Recorded data:

● ● ●

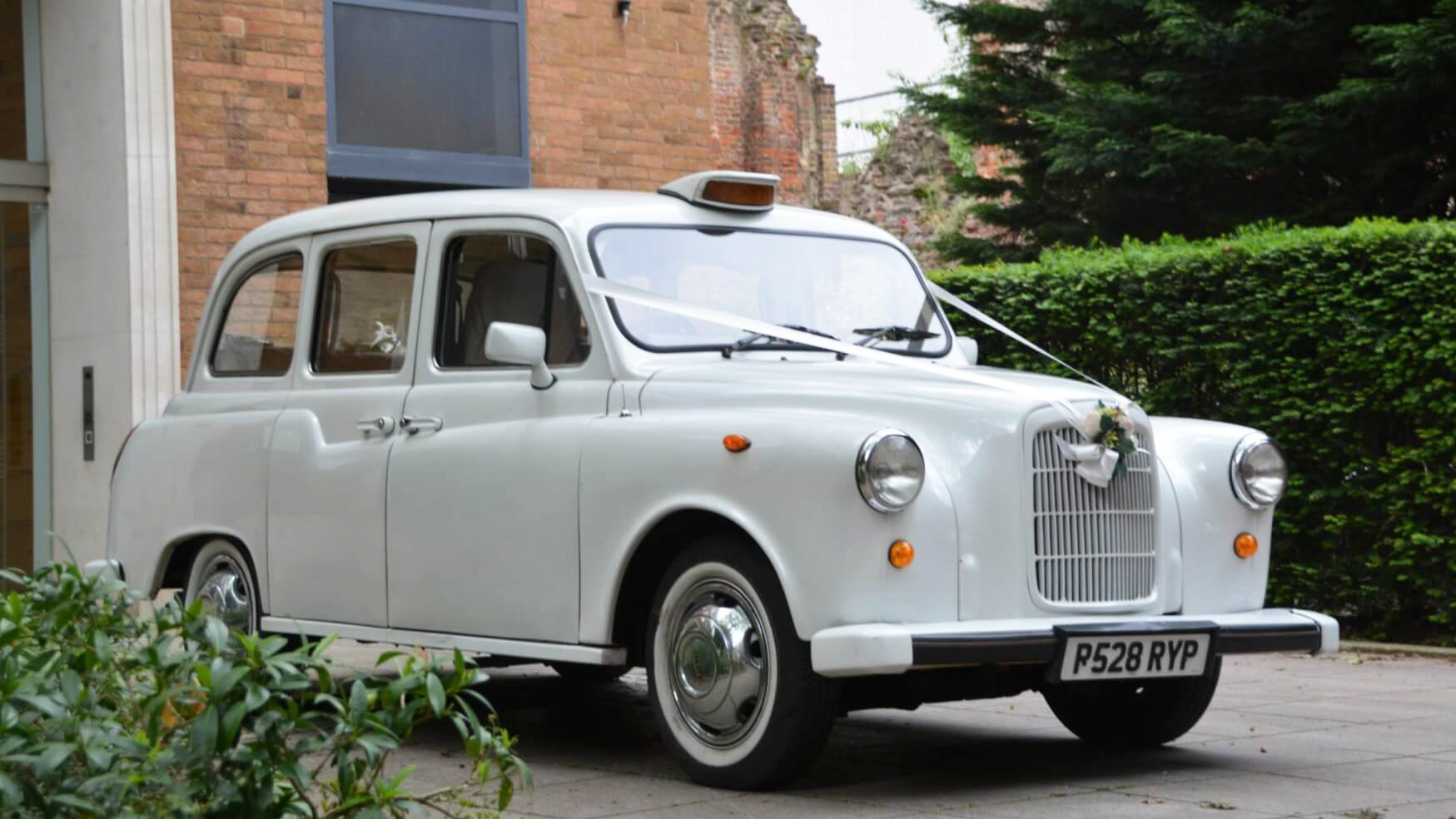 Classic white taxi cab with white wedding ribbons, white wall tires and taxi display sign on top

● ● ●

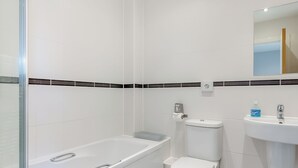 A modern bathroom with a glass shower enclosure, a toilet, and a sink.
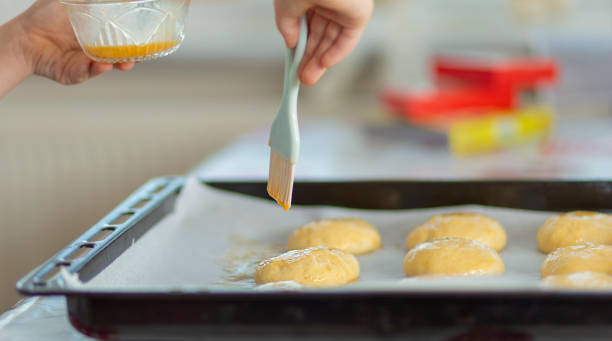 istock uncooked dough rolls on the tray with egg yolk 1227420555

● ● ●

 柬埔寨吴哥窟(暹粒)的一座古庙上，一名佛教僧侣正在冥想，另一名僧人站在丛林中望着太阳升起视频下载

● ● ●

Instructions to follow: Return word for word the lines of the listing above, starting at the line with "A modern bathroom" and ending at the line with "istock uncooked dough", both included. Pictures do not belong in the copy.

Your response:
 A modern bathroom with a glass shower enclosure, a toilet, and a sink.
 istock uncooked dough rolls on the tray with egg yolk 1227420555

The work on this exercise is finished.